Rust’s synchronization primitives are immature — they’ve been rewritten once or twice in the past year or so — but cool from a usability perspective.

edit: oh, hello pcwalton. I suspect you knew this already. :P

[Citation needed]
?
Based on what did you concludes that?
No; modern C++ provides the tools for which disciplined use solves these issues. The problem is that one can silently subvert that discipline, and still introduce memory errors.

Rust enforces memory safety at the language level. C++ itself does not "know" about memory safety. This difference, to me, is huge. You can still opt out of memory safety in Rust through unsafe regions, but the fact that Rust provides memory safety guarantees to non-unsafe regions is, to me, a change in kind, not degree. When the only thing enforcing memory safety is disciplined use, it's still too easy to make a mistake.

> What? C++11/14 solves these issues.

Sure, it solves some of those problems if you use exclusively smart pointers and vectors, and never use the built-in language pointers and arrays. What forces you to do so, when '*' and "new" and [] are right there?

Rust pushes you towards the right solution by requiring an "unsafe" block if you use raw pointers or arrays. That doesn't prevent you from using them (such as in the implementations of higher-level constructs or FFI calls), but it does hint that they're the wrong solution for everyday programming.

Only if you are allowed to use said features.

Many C++ codebases out there are still pre C++98.

I like C++, but I don't see the opportunity where to use C++14 outside hobby projects.

The issue holding most serious projects back is MSVC's historic lack of support for C++11 (and now 14/17) features. Thankfully, it looks like this is starting to change with MSVC 15 [0].

As an anecdote, the (very large) project I work on at $DAYJOB is finally moving from C++03 to C++11 in the next few weeks.

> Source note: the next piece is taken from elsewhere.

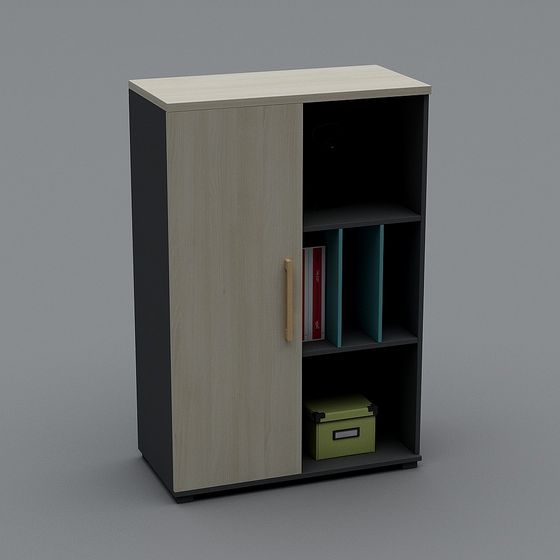 Modern Low-Poly Bookshelf 3D model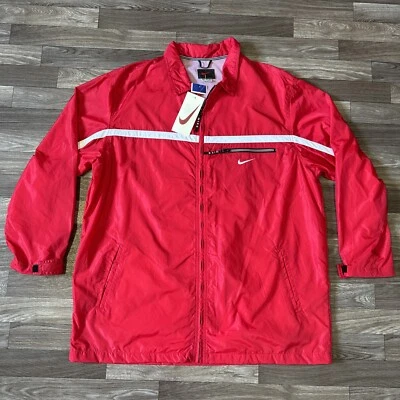 Vintage 90s Nike Full Zip Windbreaker Jacket Men’s XL Red Retro Deadstock NWT - Image 1 of 4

[0] - http://blogs.msdn.com/b/vcblog/archive/2014/11/17/c-11-14-17...

There are more platforms out there than Mac OS X, GNU/Linux and Windows.

Many embedded platforms for example.

There are also enterprise customers that only allow for projects using the installed compilers, usually from the OS vendors.

May I ask you where do you work?
C++14 may be a bit new for some circumstances - but surely it's more mature than Rust (and is likely to retain that advantage).
> I like C++, but I don't see the opportunity where to use C++14 outside hobby projects.

Sure, but I’ve encountered some notable exceptions: LLVM projects (C++11), Playstation 4 games (C++11/14), QT5 (C++11) projects, et al.

None of those are the typical corporation code that most of us are exposed to.
Maybe? I was addressing your “I don’t see the opportunity where to use C++14 outside hobby projects.”

Compilers, games, and operating system components are archetypical systems software.

How many Fortune 500 do you see writing those?
Microsoft, Apple, IBM, Amazon?
Google is on C++11, or was when I left in 2014. They may be on C++14 now.
If your employer won't use provably stable and almost entirely backwards compatible language improvements, you might want to just find another job. C++ is a hard enough language that someone out there will be willing to be sane about the language version they use.

I know I'd only touch 20 year old C++ code with the go-ahead to refactor it into C++14. I'd argue that not adopting smart pointers, standard threads and mutexes, and auto type deduction make projects effectively unmaintainable at sufficient scale.

Back in 2005 my employer decided it was about time to move away from C++ in enterprise projects.

Actually in most of the enterprise projects I have been involved, C++ tends to be restrained to bindings to some feature not exposed in the chosen languages.

Changing employer doesn't matter, as most of these decisions come from the customers themselves.

It might work for in-house products, not so well when doing consulting.

Care to elaborate? I don't see how it does.
Yes, in particular, iterator invalidation (problem 2 in that list) seems unsolvable in C++, as far as I can see.

I've hit iterator invalidation in a new c++11 codebase. Perhaps c++14 offers something to help it that I'm not aware of?

edit: "unsolvable" in the sense of the language making it impossible,

Yeah. It isn’t enforced, but it’s easier to mitigate.